Par contre il y a des passages franchement pas terribles, lorsque Kai est poursuivie par des assaillants. On souffre du syndrome Resident Evil 4, ne pas pouvoir tirer et marcher en même temps, sauf que là c'est vraiment problématique. La visée n'est pas précise ; ce qui n'est pas un problème quand on peut diriger la flèche à distance, en devient un quand on doit agir dans l'urgence en combat rapproché.

Mais le pire, c'est qu'on peut facilement se mélanger les pinceaux, car Heavenly Sword propose une vue imposée à la God of War. Donc, en gros, vous avez une vue imposée, vous déplacez Kai, puis lorsque vous passez en vue subjective, elle vise là où elle regarde, droit devant elle. En somme, si les ennemis sont derrière vous, et que vous visez à ce moment-là car vous avez oublié de vous retourner, vous êtes dans la merde, car en plus la visée ne bouge pas rapidement.

Alors ces passages-là ne sont pas impossibles, mais barbants. On s'en sort, mais avec des techniques minables. C'est tout à fait le genre de passages qui découragent lors d'une deuxième partie, comme le jet-ski du premier Uncharted.

Linéaire

On a dit d'Heavenly Sword que c'était un jeu à couloirs et arènes. Oui, mais ce n'est pas forcément un défaut. En fait les décors sont plutôt cohérents. On se bat sur un pont, dans une armurerie, une caserne, une salle de banquet, dans des endroits en somme crédibles, et qui s'enchaînent de manière logique. Contrairement à God of War, il n'y a pas de murs invisibles, ou d'issues qui se bloquent et se rouvrent comme par magie quand tous les ennemis sont morts. Si le level-design en souffre, l'architecture des lieux a le mérite de ne pas être pas incohérente.

Pour finir, les bouts de chapitre sont courts, mais s'enchaînent bien, sans nous laisser sur notre faim. On a à chaque fois notre dose.

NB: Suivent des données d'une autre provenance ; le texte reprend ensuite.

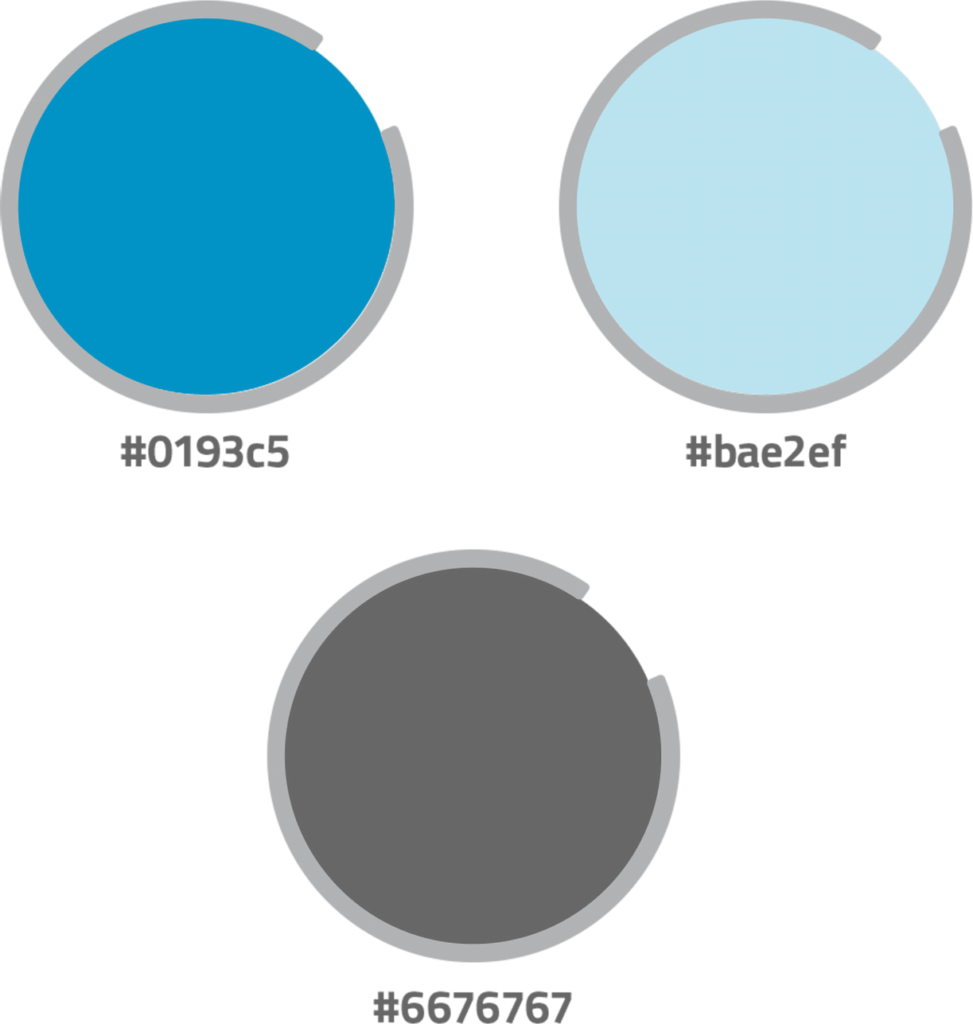 Farben des Corporate Design der Kommunikationsagentur German-Publishing München, Garmisch-Patenkirchen. Es werden die Hauptfarben Blau und Grau gezeigt mit jeweiligen HEX-Code.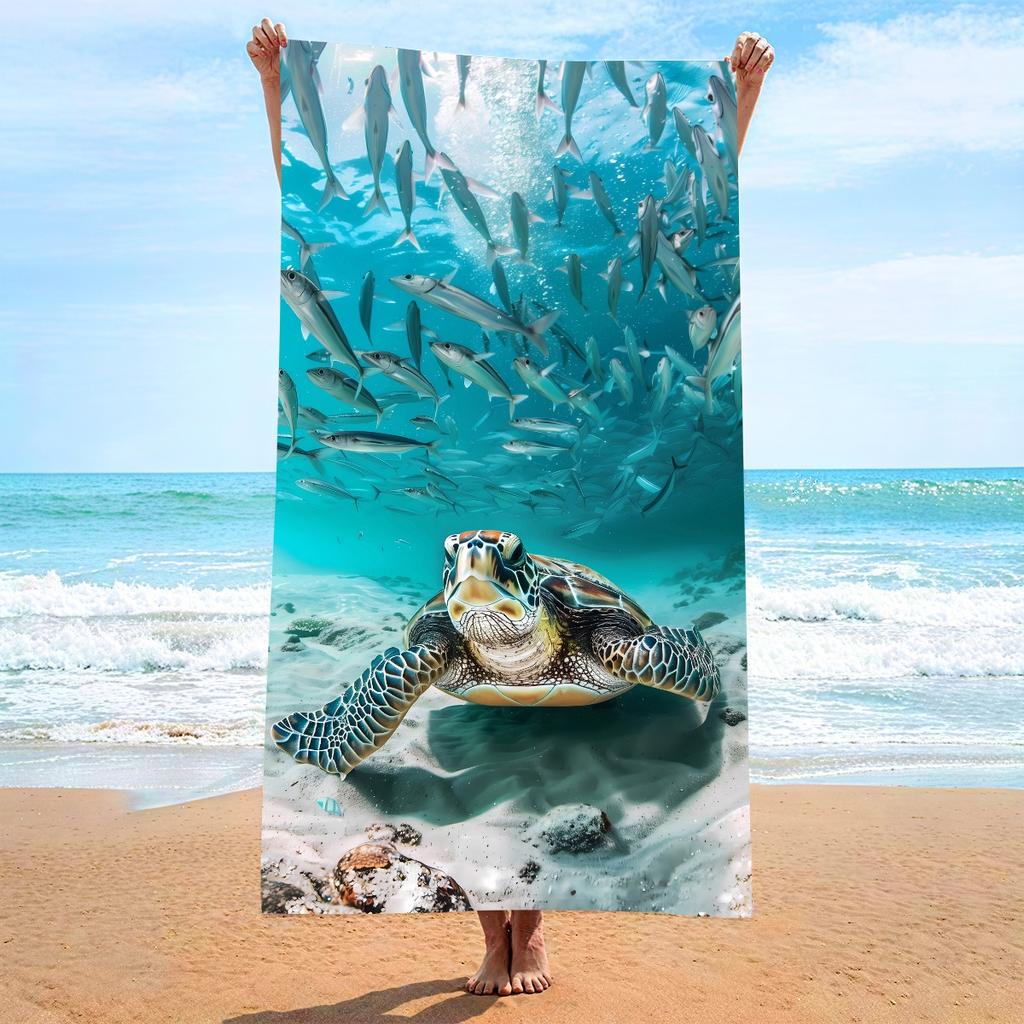 Blue Whale Ocean Wave Print Beach Towel Polyester Quick Dry Sand Free Large Bath Towels for Summer Pool Surf Vacation Blanket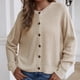 thumbnail image 5 of Suéteres Para Mujer Suéteres de Otoño Botón de Moda Reversible Manga Larga Cárdigan de Punto Tops Sueltos Blusa Suéter Odeerbi ODB132231, 5 of 6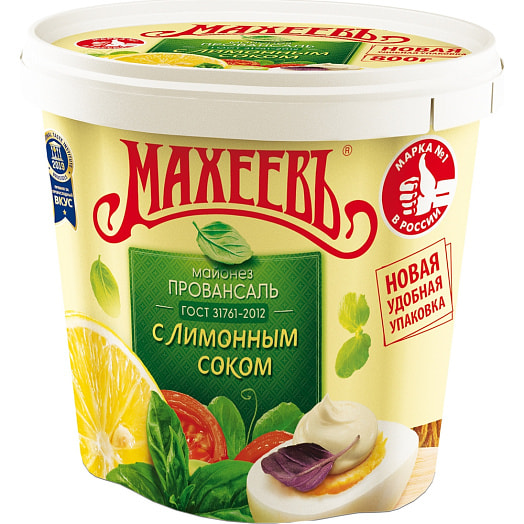 Майонез Махеевъ 50.5% 800г провансаль с лимонным соком Россия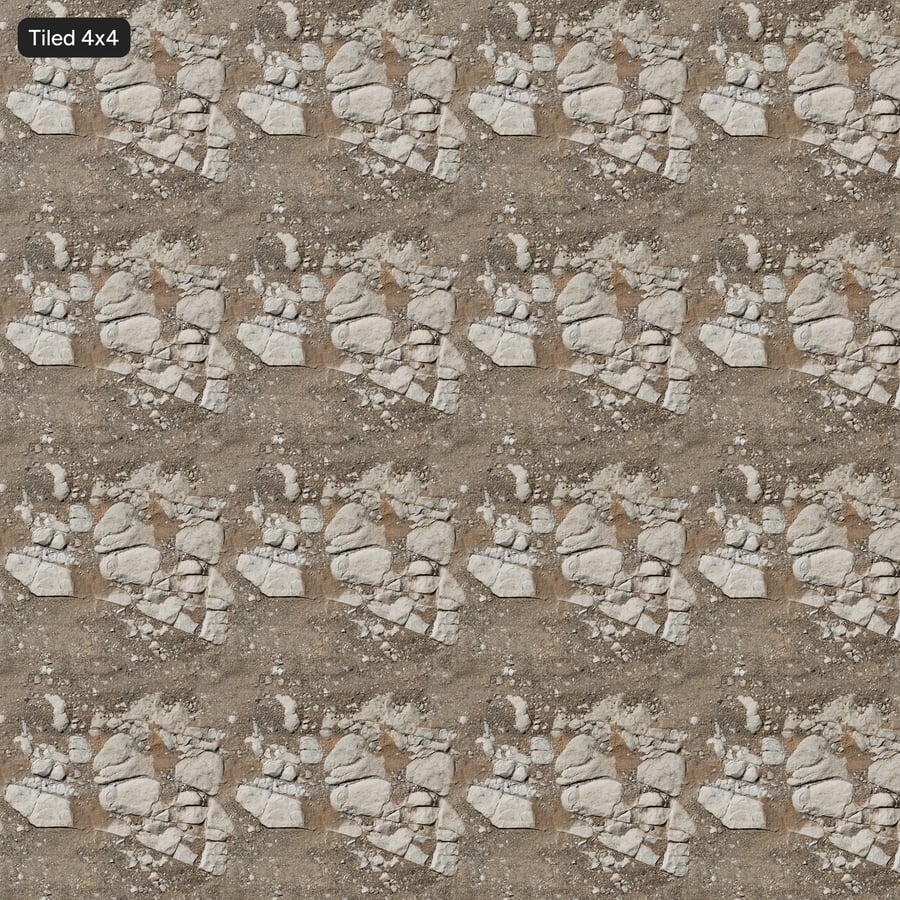 Arid Rocky Ground Terrain Texture, Buff and Red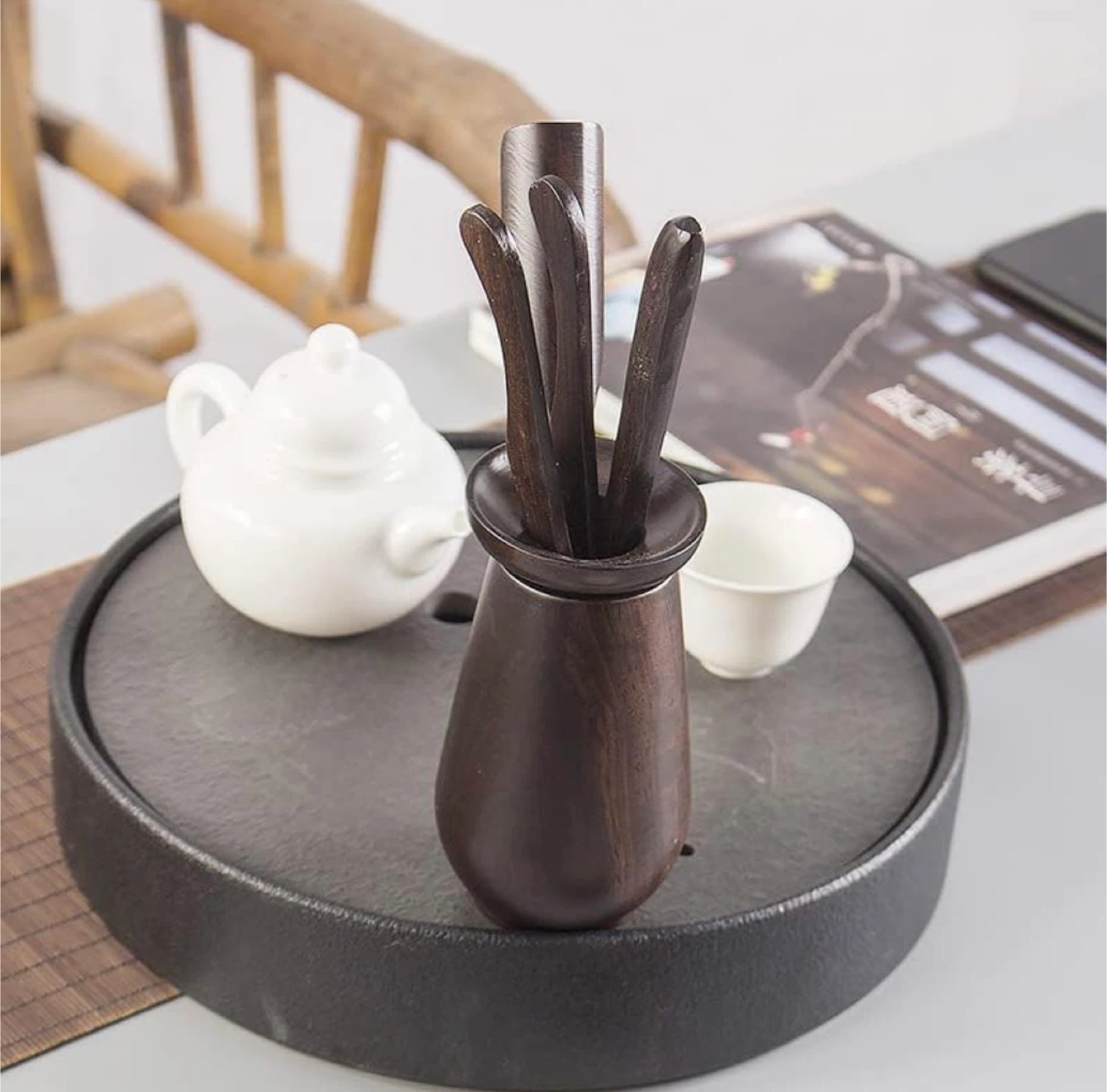 6-Piece Wooden Kong Fu Tea Set - photo 2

Un mauvais jeu à petit prix reste un mauvais jeu. Il arrive aussi qu'un soft payé trop cher soit décevant. Exclusivité Sony à 70 euros, Heavenly Sword a de quoi être mal digéré par le joueur s'attendant à un digne successeur de God of War sur sa console qui lui a coûté un bras. Trois ans plus tard, dans les paniers remplis de jeux en occasion à un prix ridicule, alors qu'on hésite encore à débourser pour la fille avec une poulpe rouge sur la tête qui a eu si mauvaise presse, Heavenly Sword est un sacré bon jeu, imparfait, certes, mais avec des qualités fortes qui tiennent tête à ses défauts.